A Well, I was never ordained. I had a church for two and a half years in a housing project in Boston. I preached every Sunday, and I gradually grew disillusioned with the liberal church; they like the poor, but they didn’t like the smell of the poor. I’d commute from the projects into Harvard Divinity School, where everybody talked about empowering people they’d never met, and I found it hypocritical.

That disillusionment, coupled with the fact that I was, by nature, a writer, led me to gravitate toward Latin America. I told [Harvard] I wanted to go to El Salvador and cover the war, and they said, “We don’t ordain journalists,” and that was the end.

Q You’ve said there’s no Christian religion that would consider you a Christian. What does this say about your views of Christianity?

A The polity of particular denominations doesn’t really interest me. We have no historical evidence that Jesus existed other than the Gospels. Many of the doctrinal issues embraced by the traditional church, I’m not interested in.

Q Your father was a Presbyterian minister, and he seems to have had a significant influence on your work. What did you learn from him?

A He took very unpopular stances within the church around the civil rights movement, the anti-war movement and the gay rights issue. His brother was gay. My uncle was pretty much disowned by the rest of his family, and my father translated that into the pain of all gays. He was very outspoken, and the church was very unforgiving of that. It was a good lesson because it taught me that institutions, including the church, do not reward you for virtue. My father pretty much got pushed out of the church.

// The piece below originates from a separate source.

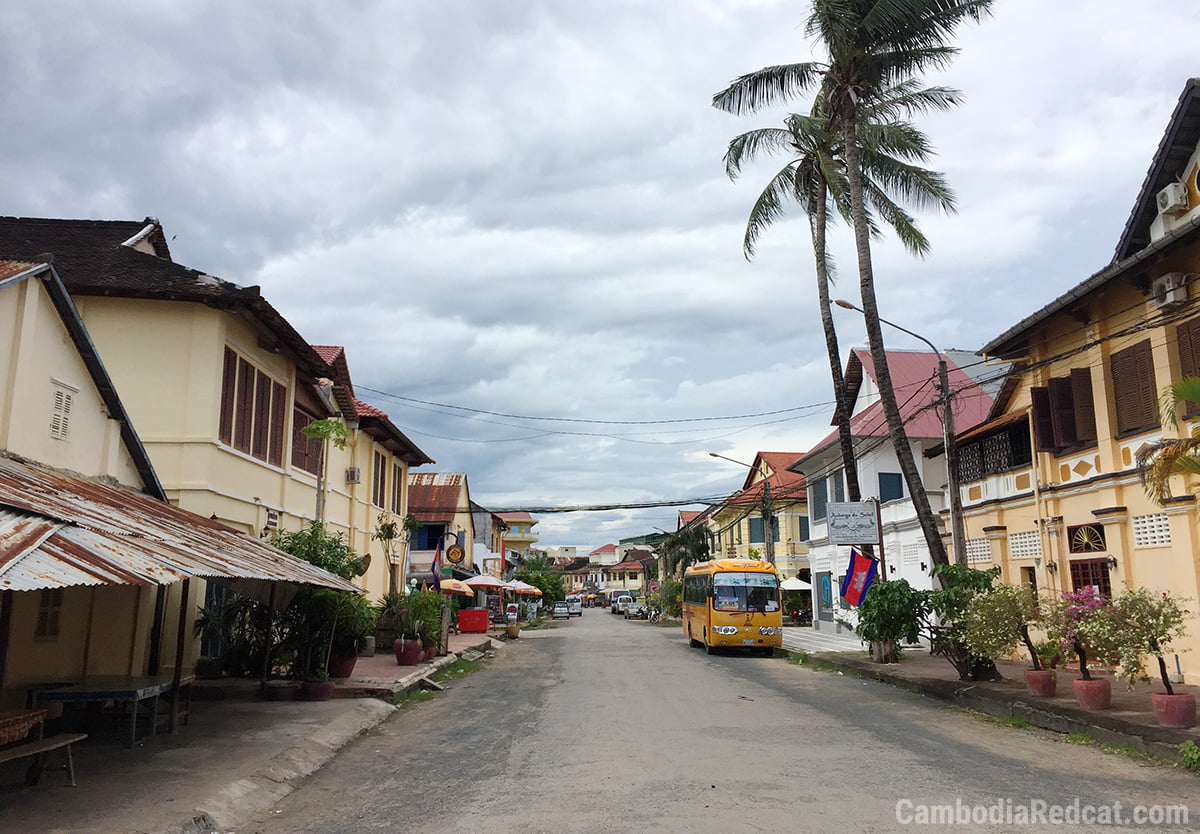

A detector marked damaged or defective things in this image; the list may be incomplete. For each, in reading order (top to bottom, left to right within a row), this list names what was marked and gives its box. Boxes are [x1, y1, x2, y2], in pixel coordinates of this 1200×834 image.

rusty metal awning [0, 453, 360, 597]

It informed my own life when I took on the New York Times over the issue of the Iraq war, in which I was issued a formal written reprimand to stop speaking out against the war. I wasn’t going to do that, because to muzzle myself in service to my career would be to betray my father. My job was over, and yet I realized the greatest gift my father had given me was freedom. I didn’t need the New York Times or any other institution to tell me who I was.

Q You’re a graduate of Harvard seminary, but you’ve questioned the point of studying the Gospels —

A I’ve never said that. I think studying the Gospels is a really good idea.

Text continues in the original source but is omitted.